● Exercise brief
Only the lines from the beginning of the data through the one with "Foto van Cute" belong in the answer, each retyped exactly, with pictures left out.

● Recorded information
________________________________________

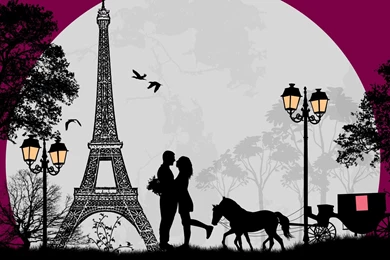 Romance In Paris Drawing Widescreen Wallpapers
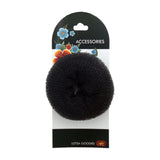 Hair Bun Black(¢8CM) in packaging showcasing a black mesh donut for creating voluminous hair buns.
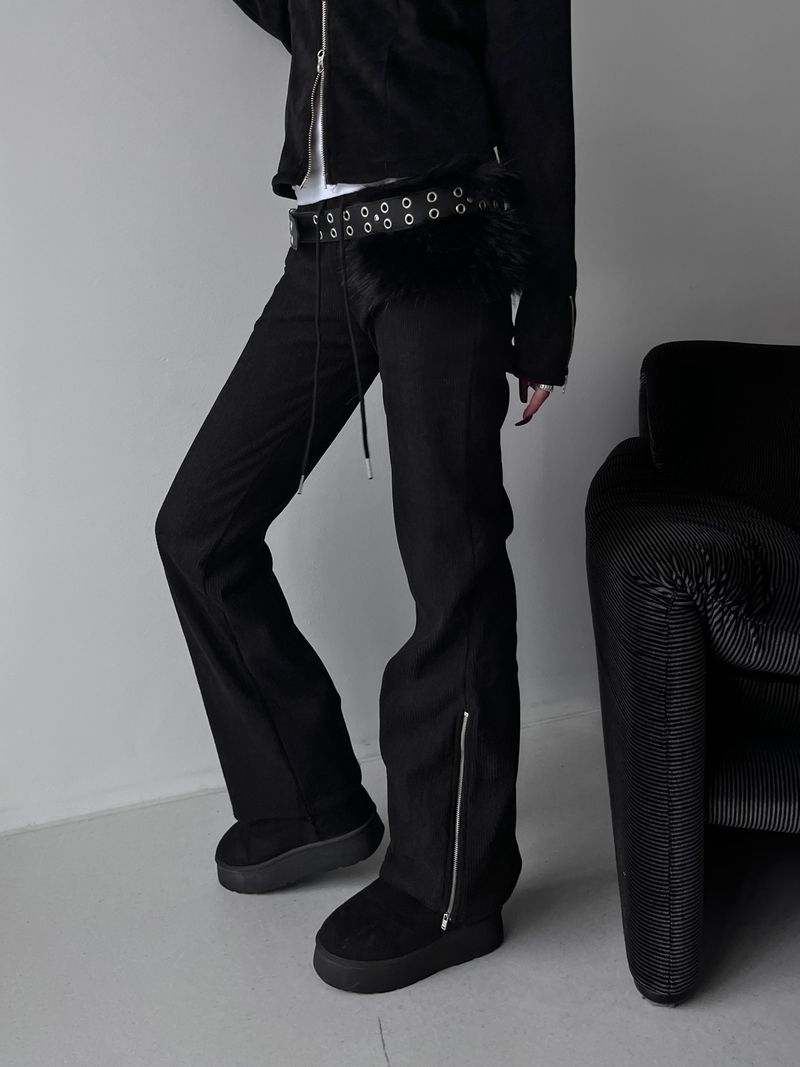 ribbed zip bootcut banding pants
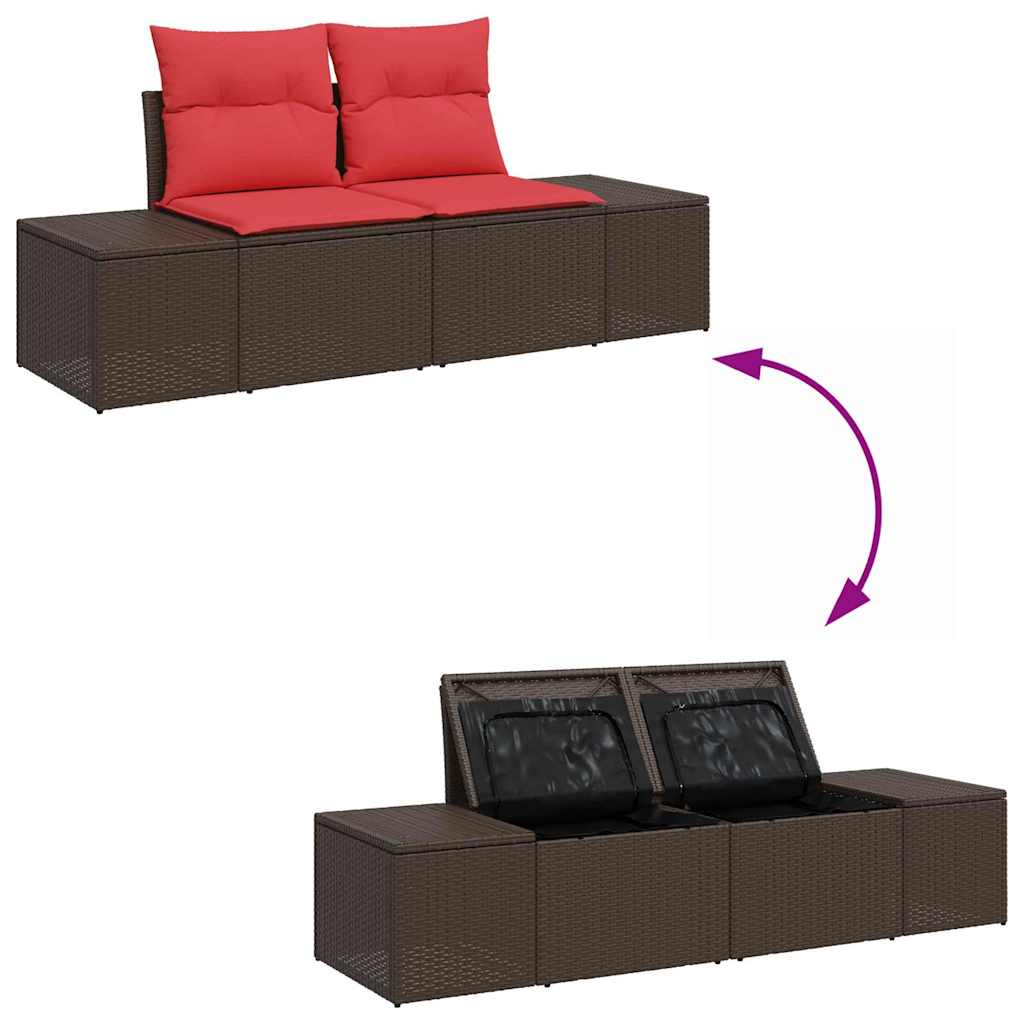 vidaXL Σετ Καναπέ Κήπου 5 τμχ. Καφέ συνθετικό ρατάν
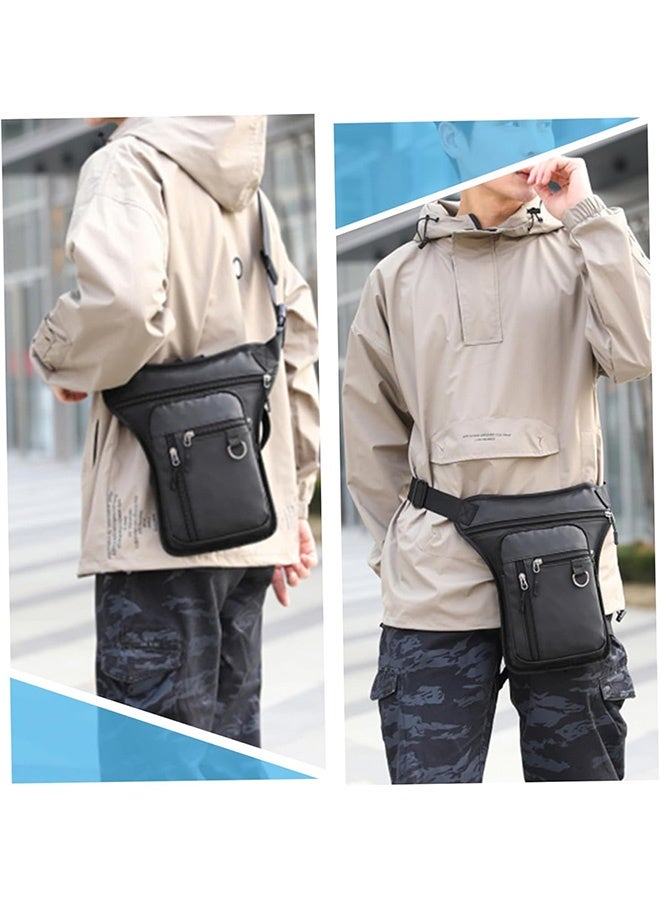 Quantum Small Leg Bag, Adjustable Thigh Pouch, Hiking Multi-Pocket Waist Pack Outdoor Motorcycle Riding Hiking Waist Fanny Pack Travel Bags (Black) - Image 5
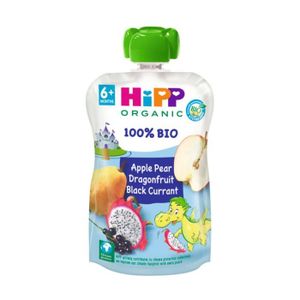 COMPOTE DESSERT FRUITÉ HIPP - Sachets bio fruit du dragon, pomme et groseille 100 g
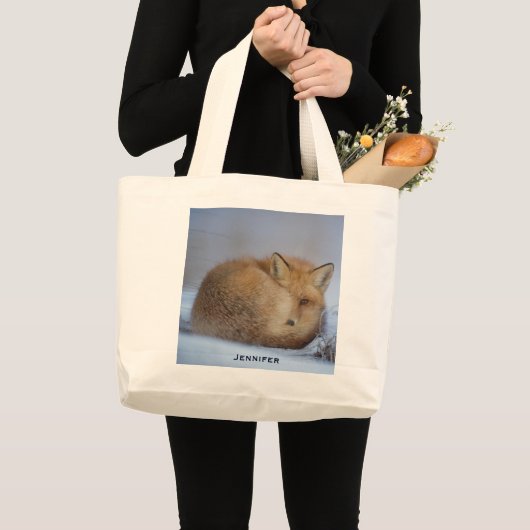 Foto van Cute Little Fox gekrompen in Winter Grote Tote Bag (Voorkant (product))
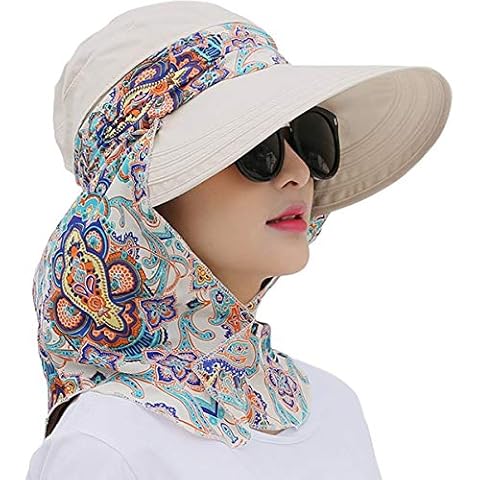 AIDIER Roll Up Wide Brim Sun Visor con Protector de Cuello Cover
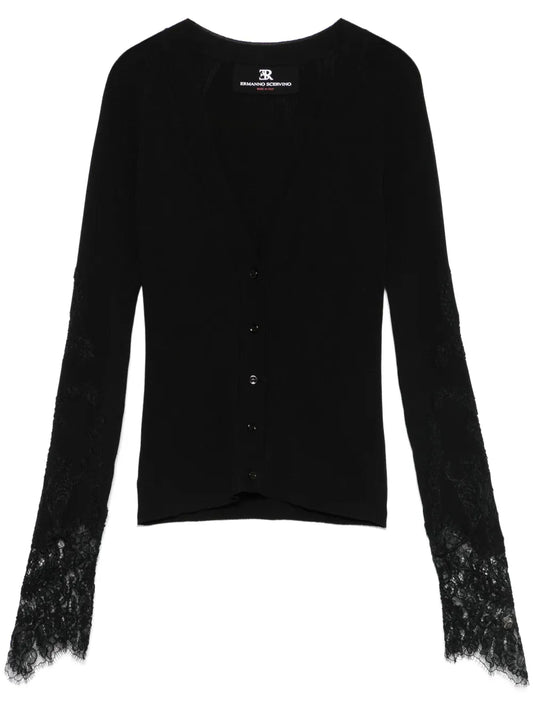 Lace-Panelling Cardigan
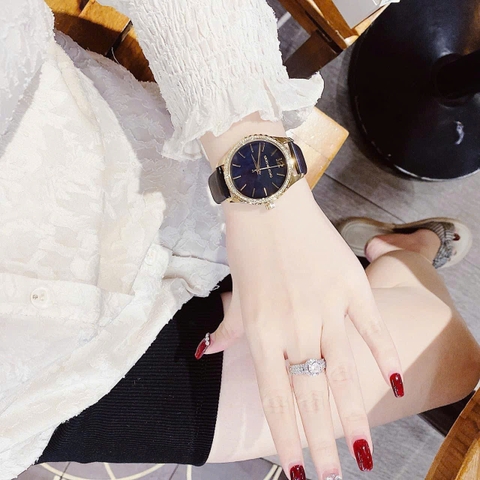 Michael Kors Layton |Nữ Giới |Mặt Khảm Trai Xanh |Dây Da Màu Đen |Máy Pin (Quartz) |Size 38mm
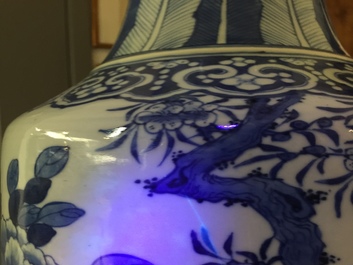 A large Chinese blue and white vase with a lady and calligraphy, 19th C.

________________________________________

● Reply
 Romance In Paris Drawing Widescreen Wallpapers
 Hair Bun Black(¢8CM) in packaging showcasing a black mesh donut for creating voluminous hair buns.
 ribbed zip bootcut banding pants
 vidaXL Σετ Καναπέ Κήπου 5 τμχ. Καφέ συνθετικό ρατάν
 Quantum Small Leg Bag, Adjustable Thigh Pouch, Hiking Multi-Pocket Waist Pack Outdoor Motorcycle Riding Hiking Waist Fanny Pack Travel Bags (Black) - Image 5
 COMPOTE DESSERT FRUITÉ HIPP - Sachets bio fruit du dragon, pomme et groseille 100 g
 Foto van Cute Little Fox gekrompen in Winter Grote Tote Bag (Voorkant (product))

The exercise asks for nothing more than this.